The Supreme Court on Thursday declined for now to enter a dispute between the city of Philadelphia and a Catholic agency that refuses to place foster children with gay couples.
Catholic Social Services had asked the justices to block the city’s decision to freeze placement of foster children with the agency, which said it could not certify same-sex couples who wanted to be foster parents.
The Catholic agency said the city’s policy violated its right to free exercise of religion. But a district court disagreed, and the U.S. Court of Appeals for the 3rd Circuit turned down the agency’s request that it be allowed to remain in the city’s program while the case proceeded on appeal.

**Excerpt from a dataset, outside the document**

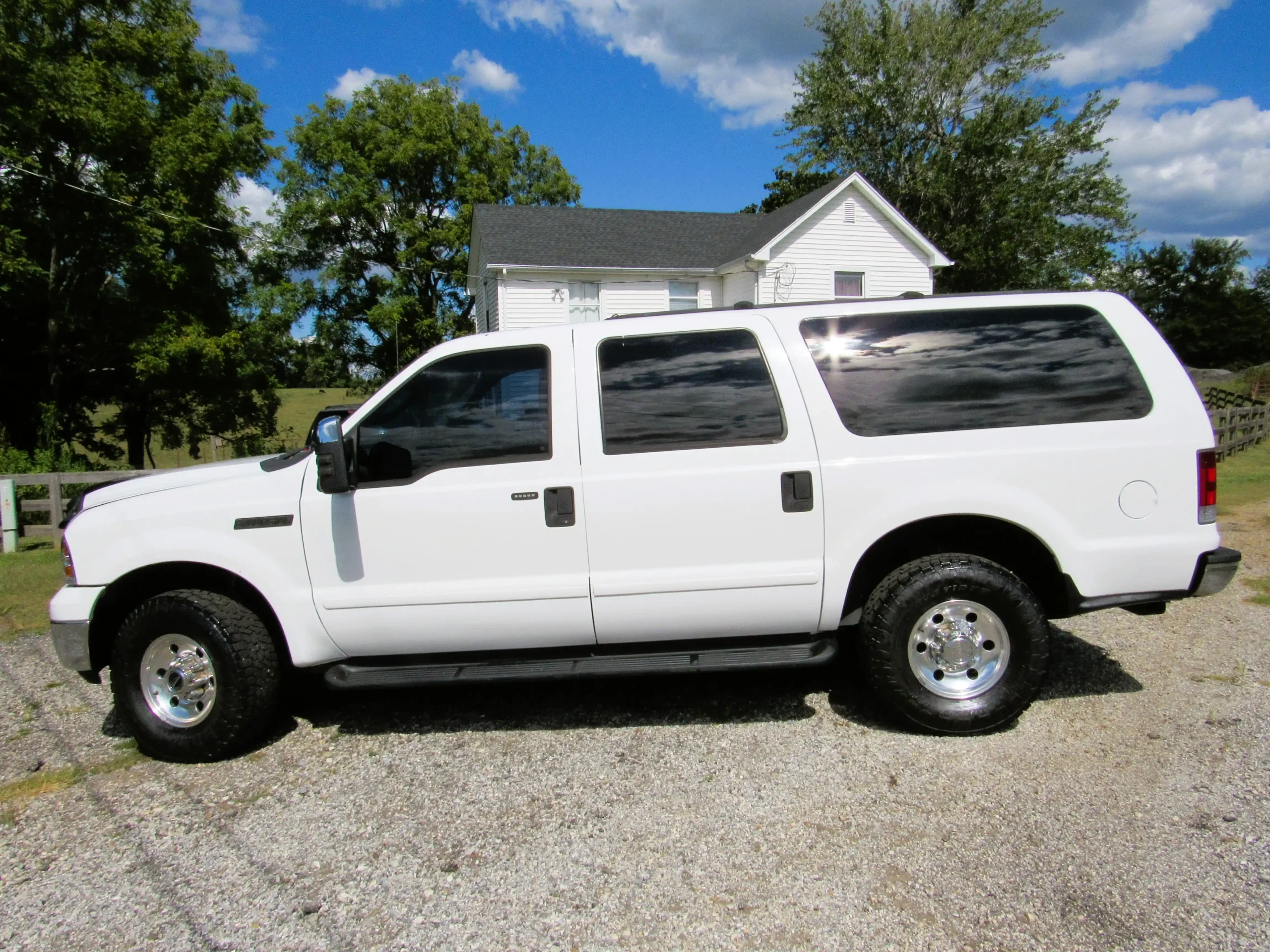 6.0L Turbo Diesel-Powered 2005 Ford Excursion XLT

The agency then made the same request to the Supreme Court, but it declined to get involved without stating a reason. Three justices — Clarence Thomas, Samuel A. Alito Jr. and Neil M. Gorsuch — said they would have granted the agency’s request.
But it requires five votes to grant such an intervention.
The case provided another example of the increasing amount of litigation that pits religious beliefs against government anti-discrimination laws.
The city said it is well within its rights to do business only with entities that abide with its rules. “CSS instead seeks its own constitutional right: a constitutional right to apply for a contract paid for by government funds, and then unilaterally rewrite the contract,” the city said in a brief to the court.
But the Catholic agency said the city was forfeiting homes for foster children with no good reason. “The city is closing Catholic’s foster care program over a hypothetical question: if a same-sex couple approached a Catholic agency seeking a written opinion on their family relationships, could the Catholic Church endorse their unions in writing?” it said. The agency said same-sex couples could work with other agencies that contract with the city.
Because it is still active in the appeals court, the merits of the case could still return to the Supreme Court. It is Fulton v. City of Philadelphia.